Supplied data below:

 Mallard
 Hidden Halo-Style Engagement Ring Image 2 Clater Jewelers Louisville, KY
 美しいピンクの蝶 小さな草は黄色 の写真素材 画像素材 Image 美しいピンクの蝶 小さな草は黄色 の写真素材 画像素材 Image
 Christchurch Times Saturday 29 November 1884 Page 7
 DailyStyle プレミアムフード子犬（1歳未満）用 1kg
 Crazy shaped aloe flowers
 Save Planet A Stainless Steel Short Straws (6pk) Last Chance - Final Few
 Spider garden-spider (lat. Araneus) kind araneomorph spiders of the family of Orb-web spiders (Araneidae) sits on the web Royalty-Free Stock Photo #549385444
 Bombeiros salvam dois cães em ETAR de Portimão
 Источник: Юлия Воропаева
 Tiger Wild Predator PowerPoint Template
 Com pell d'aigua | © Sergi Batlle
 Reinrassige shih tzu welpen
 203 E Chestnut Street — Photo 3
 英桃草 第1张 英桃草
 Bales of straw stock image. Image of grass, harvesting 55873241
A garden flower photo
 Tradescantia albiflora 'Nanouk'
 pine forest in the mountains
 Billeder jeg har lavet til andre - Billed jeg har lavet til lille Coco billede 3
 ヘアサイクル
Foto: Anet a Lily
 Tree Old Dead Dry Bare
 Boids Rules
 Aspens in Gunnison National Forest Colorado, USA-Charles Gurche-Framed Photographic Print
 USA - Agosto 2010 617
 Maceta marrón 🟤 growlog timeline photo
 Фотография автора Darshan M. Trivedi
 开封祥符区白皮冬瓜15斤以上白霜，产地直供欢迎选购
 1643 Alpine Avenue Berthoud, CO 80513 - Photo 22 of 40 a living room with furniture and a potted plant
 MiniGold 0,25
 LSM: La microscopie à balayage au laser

End of Supplied data.

* _Task details_: Would you output all the records above exactly as written?

* _Finished task_:
 Mallard
 Hidden Halo-Style Engagement Ring Image 2 Clater Jewelers Louisville, KY
 美しいピンクの蝶 小さな草は黄色 の写真素材 画像素材 Image 美しいピンクの蝶 小さな草は黄色 の写真素材 画像素材 Image
 Christchurch Times Saturday 29 November 1884 Page 7
 DailyStyle プレミアムフード子犬（1歳未満）用 1kg
 Crazy shaped aloe flowers
 Save Planet A Stainless Steel Short Straws (6pk) Last Chance - Final Few
 Spider garden-spider (lat. Araneus) kind araneomorph spiders of the family of Orb-web spiders (Araneidae) sits on the web Royalty-Free Stock Photo #549385444
 Bombeiros salvam dois cães em ETAR de Portimão
 Источник: Юлия Воропаева
 Tiger Wild Predator PowerPoint Template
 Com pell d'aigua | © Sergi Batlle
 Reinrassige shih tzu welpen
 203 E Chestnut Street — Photo 3
 英桃草 第1张 英桃草
 Bales of straw stock image. Image of grass, harvesting 55873241
A garden flower photo
 Tradescantia albiflora 'Nanouk'
 pine forest in the mountains
 Billeder jeg har lavet til andre - Billed jeg har lavet til lille Coco billede 3
 ヘアサイクル
Foto: Anet a Lily
 Tree Old Dead Dry Bare
 Boids Rules
 Aspens in Gunnison National Forest Colorado, USA-Charles Gurche-Framed Photographic Print
 USA - Agosto 2010 617
 Maceta marrón 🟤 growlog timeline photo
 Фотография автора Darshan M. Trivedi
 开封祥符区白皮冬瓜15斤以上白霜，产地直供欢迎选购
 1643 Alpine Avenue Berthoud, CO 80513 - Photo 22 of 40 a living room with furniture and a potted plant
 MiniGold 0,25
 LSM: La microscopie à balayage au laser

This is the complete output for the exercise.